Please just remember that the goat that suzanne raises are from hot and dry (low worms and disease) texas. You move a goat like that to a humid cooler temp and you are going to have problems w/ worms and diseases. Mutt goats will also do better than purebred. People rushed to get goats on the market that were white bodied and red headed. the rush to flood the market let to "puppy mill" type stock. We had fit until we brought in some different stock and bred out some of the problems. Hybred vigger is very important w/ goats. I like no more than 3/4 boer. You get the "looks" of a boer but if the other 1/4 is milk goat you also get the milking ablilities. Our PB boers are not capable of raising more than 2 and sometimes 2 can be a strech. I am talking about a meat herd not a milking herd w/ lots of imputs. A PROFITABLE meat herd should be able to raise 2 babies on GOOD forage alone w/ minimal imputs. The second you feed grain you setyourself up for disease, health problems and NO PROFIT.

Getting goat that are adapted to your area and bred for worm resistance will be your best bet. It takes several generations to do this but we ( I think) are seeing some improvement from our original herd that would have problems after every rain.  worming meds are the biggest expense on a meat herd. it is hard to make a profit when you are having to worm every 4-6 weeks.


----------



## Vicki McGaugh TX Nubians (May 6, 2002)

I am not asking in a confrontational manner, I am truly curious.
........................

How come Susanne gets this at the end of the post??? And I get diddly?



Can you offer personal experience as to why a contracting muscle would not be more tender?
...............................................

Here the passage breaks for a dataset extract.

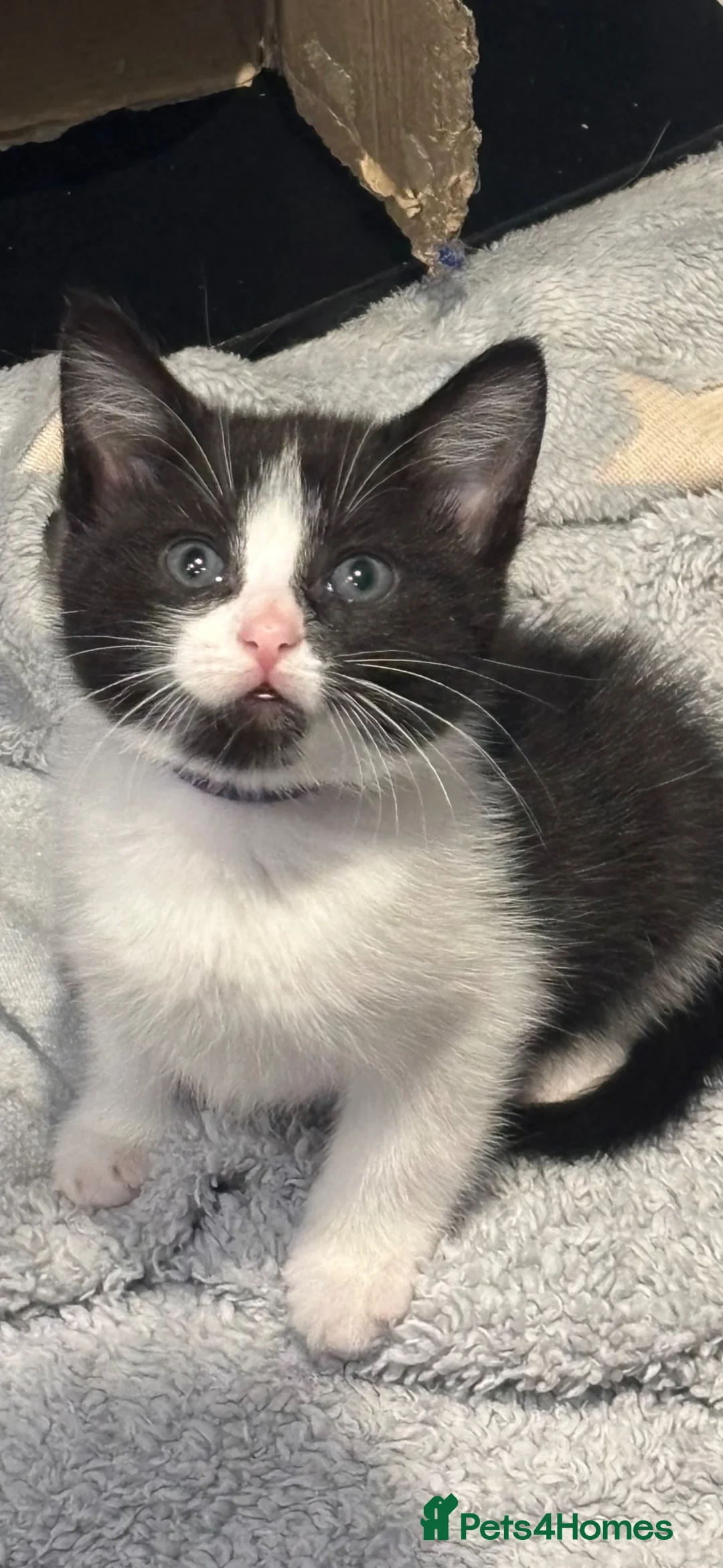 Mixed Breed cats for sale: Gorgeous female kitten - Advert 1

Are you serious? OK....my Dad ran a cow calf terminal slaughter operation in Canada my whole life. I have eaten beef my whole life. Enough study? Major muscle groups are meat. The more the muscle is used the more that meat group gets tough and the lower the price in the store. T bone steaks contain part major muscle, tougher, and part, a very small part of the loin, a minor muscle. Further out is the serloin which is not loin at all but the outside of the T bone...the filet is all loin cut. All three reflect the cost...the further out the cut on the major muscle the less expensive, because its tougher, the closer to the loin or containing part loin or all loin the more expensive.

So how can a fainting goat that contracts it's muscles more than a goat running and playing be more tender like is claimed? It can't because it is marketing.

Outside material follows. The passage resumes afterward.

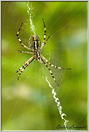araignée épeire (68)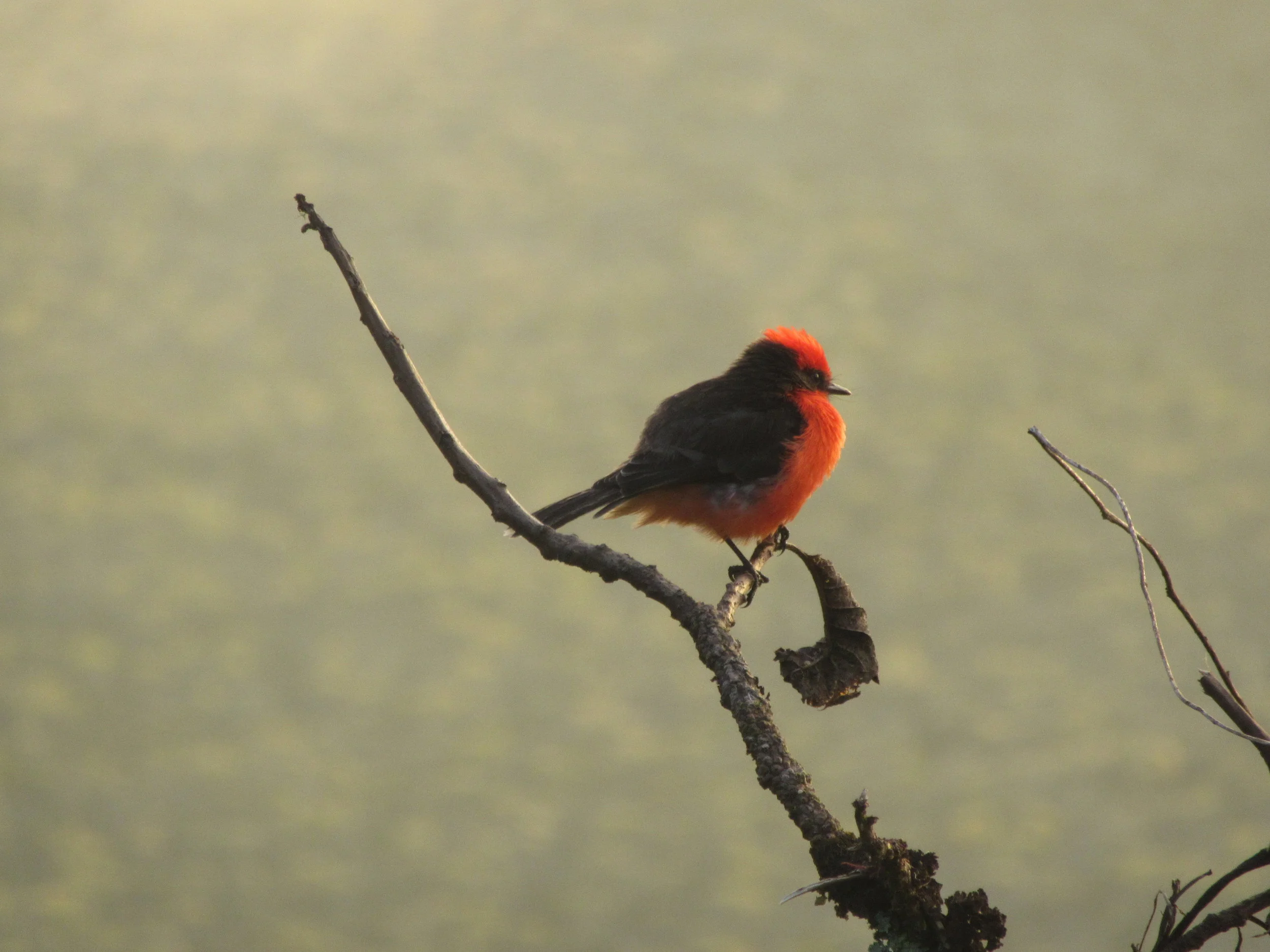 7 Days at Alcedo Volcano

As for the rest....no thanks Misty. Vicki


----------



## Jim S. (Apr 22, 2004)

Oh geez... meat folks, just buy some boers, savannas or kikos and be done with it all. No falling over when the coyote attacks...they can RUN! Or if you want to get into it low-input like I work, buy some dairy crossed with boer does and get a boer buck. If you are selling for meat, do not worry about papers. Buy as close to market value as you can, and rock and roll.

I just attended a myotonic goat show, and let me tell you, what the judge picked I would not own. Pig-butted, sloping rear, cow hocked...these are the kindest words for the Grand Champion. But that's MY opinion.

There are myriad ways to raise goats. Everyone has a different idea and practice, down to individual farms. Pet goats are raised differently than breeders, which are raised differently than farmed goats. Herd size matters, as the bigger the herd gets, the less the individual is focused upon and the more the herd's performance matters.

Many folks on here have lots of years of experience with what works for them. Yet their practice might be dramatically different than what works for another producer with similar years of experience.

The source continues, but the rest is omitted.